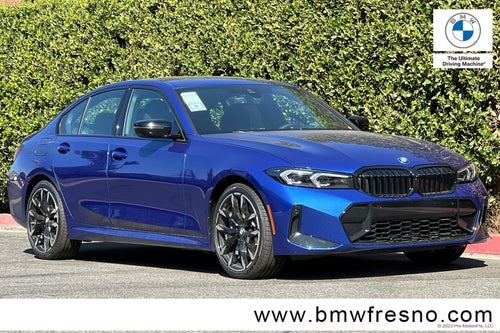 2026 BMW 3 Series 330i xDrive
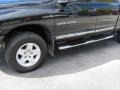 2004 Black Dodge Ram 1500 SLT Quad Cab 4x4  photo #10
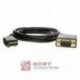 Kabel DisplayPort - VGA 1,8m Adapter DP do VGA, konwerter, FHD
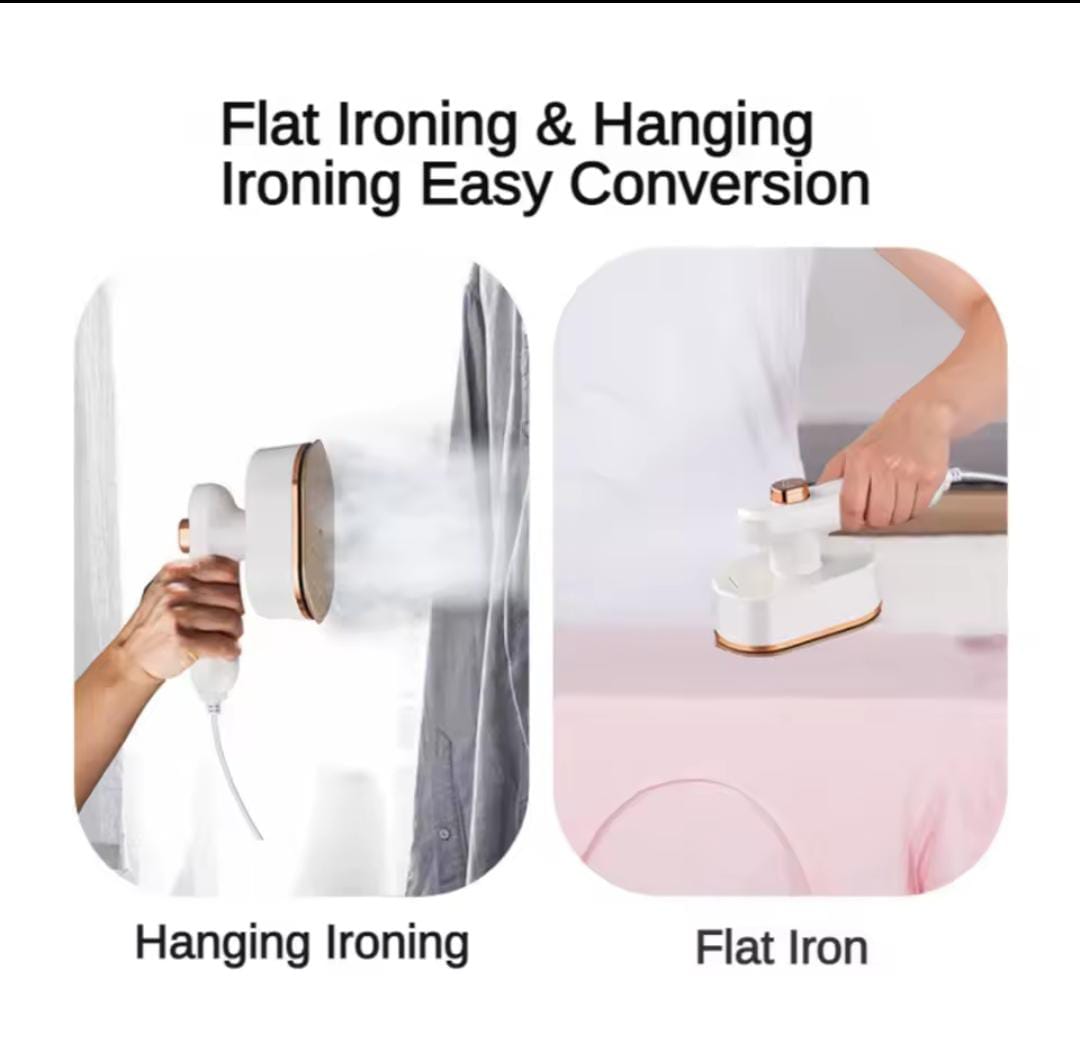 Mini Portable Steam Ironing machine available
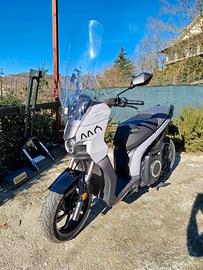 Scooter elettrico Seat Mó 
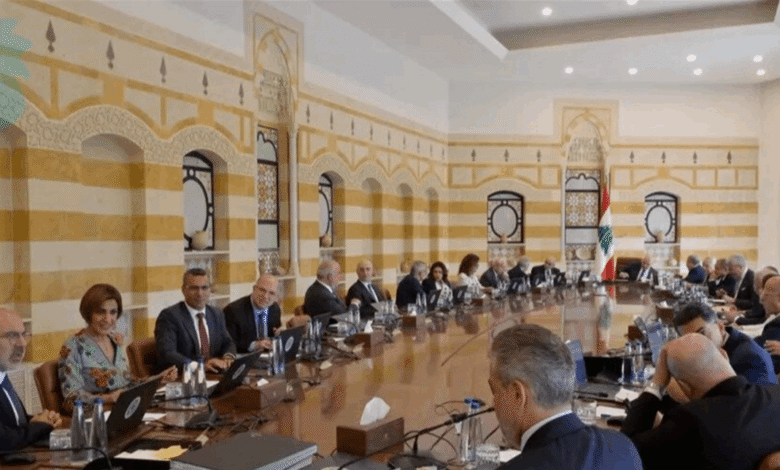 ثلاثة تعيينات في مجلس الوزراء غدا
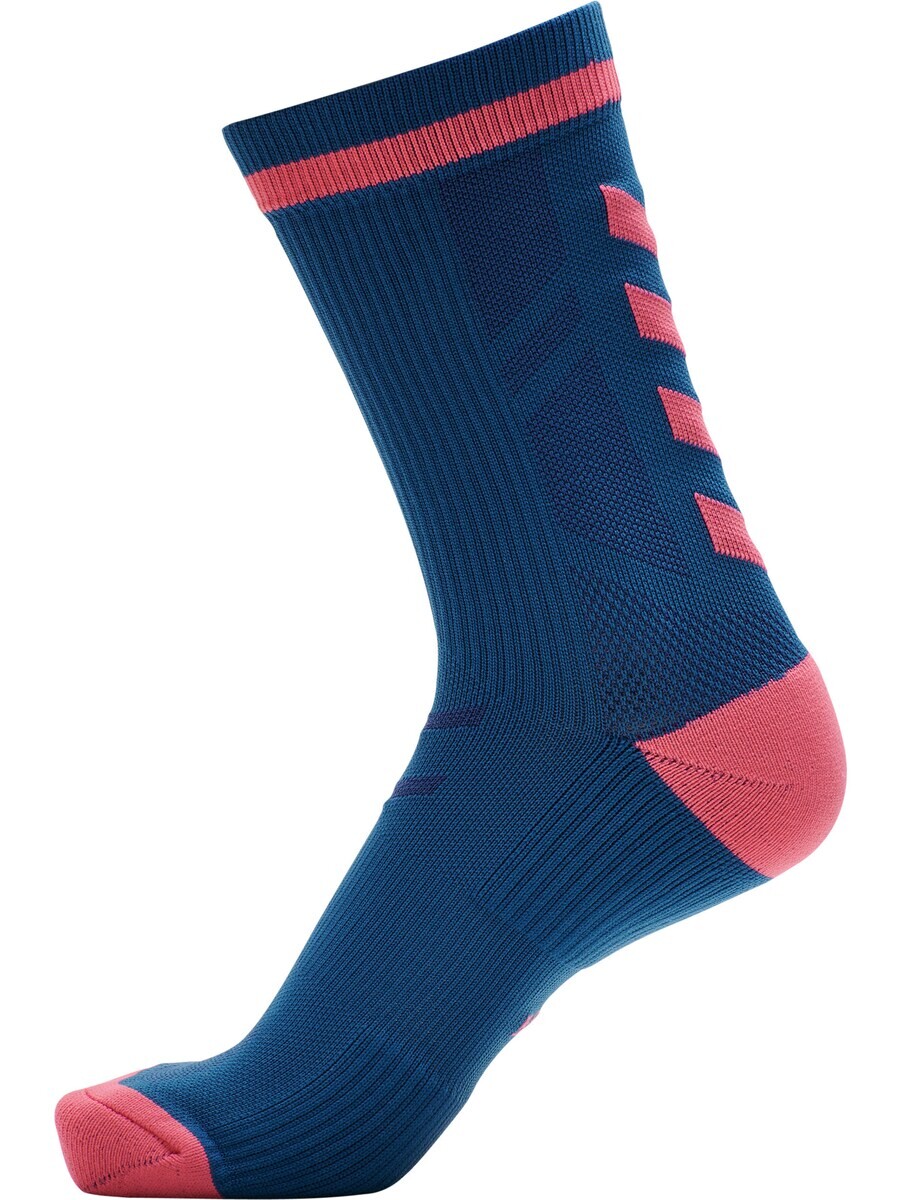 

Спортивные носки Hummel, темно-синий/розовый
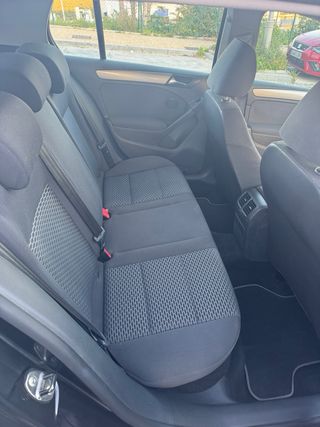 Volkswagen Golf 2010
+++++
**Work item**
Write out, please, the lines of the listing above from the one with "Спортивные носки Hummel, темно-синий/розовый" through the very last, exactly as given and with no pictures.

**Answer to the problem**
Спортивные носки Hummel, темно-синий/розовый
 Volkswagen Golf 2010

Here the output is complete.